MEDICAL RESEARCH

Antibiotic-resistant bacteria

Antibiotic-resistant bacteria pose an increasing threat in Denmark. Bacteria known as carbapenemase-producing organisms and vancomycin-resistant enterococci infect patients admitted to hospital, causing infections that are difficult to treat.

To prevent infection, it is necessary to compare the DNA profiles of the bacteria, to trace the infection routes from patient to patient, and to find sources of infection in the hospital environment.

“The technique used today takes two to four weeks before results are available. In that time the bacteria spread further. We have introduced new technologies that can produce results from one day to the next,” says Professor Michael Kemp MD, consultant at the Regional Department of Clinical Microbiology, Zealand University Hospital.

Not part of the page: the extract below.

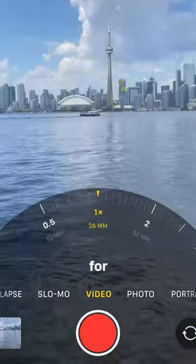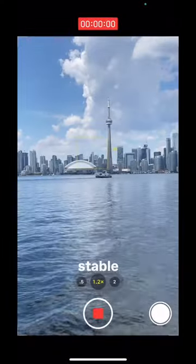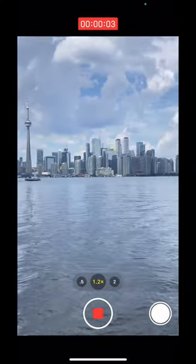Choose the focal length that works best for your shot, and keep that phone as stable as possible to get that cinematic look. Thanks for watching.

There are no routine investigations of bacteria cultured from possible sources of infection in a hospital environment, and it is only rarely possible to show where the infection came from. Vancomycin-resistant enterococci cultured from patients who do not show signs of infection (healthy carriers) are not investigated either. This means that chains of infection cannot be established.

“With the support of the Vissing Foundation we want to investigate the effect of routinely including all relevant bacteria – regardless of where they were cultured, and then investigating them fast. We expect the results to show a way to reduce infections with resistant bacteria, so that in future patients can be admitted to hospital without the fear of infections that are difficult or impossible to treat with antibiotics,” says Michael Kemp.